Provided data
--- START ---

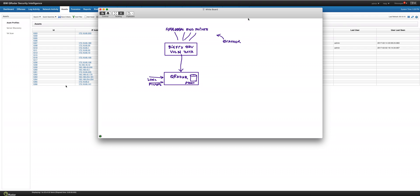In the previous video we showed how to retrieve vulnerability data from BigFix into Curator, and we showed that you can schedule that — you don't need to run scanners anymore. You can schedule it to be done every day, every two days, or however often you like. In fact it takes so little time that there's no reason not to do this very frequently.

--- END ---
--- START ---

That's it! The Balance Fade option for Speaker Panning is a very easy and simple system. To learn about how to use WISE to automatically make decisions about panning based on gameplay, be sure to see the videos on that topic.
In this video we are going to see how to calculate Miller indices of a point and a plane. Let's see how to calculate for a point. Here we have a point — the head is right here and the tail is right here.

--- END ---

Work instruction
Extract the lines of the preceding material that run from the line with "That's it! The" through the line with "In this video", inclusive, reproducing them exactly and adding nothing.

Answer for the task
That's it! The Balance Fade option for Speaker Panning is a very easy and simple system. To learn about how to use WISE to automatically make decisions about panning based on gameplay, be sure to see the videos on that topic.
In this video we are going to see how to calculate Miller indices of a point and a plane. Let's see how to calculate for a point. Here we have a point — the head is right here and the tail is right here.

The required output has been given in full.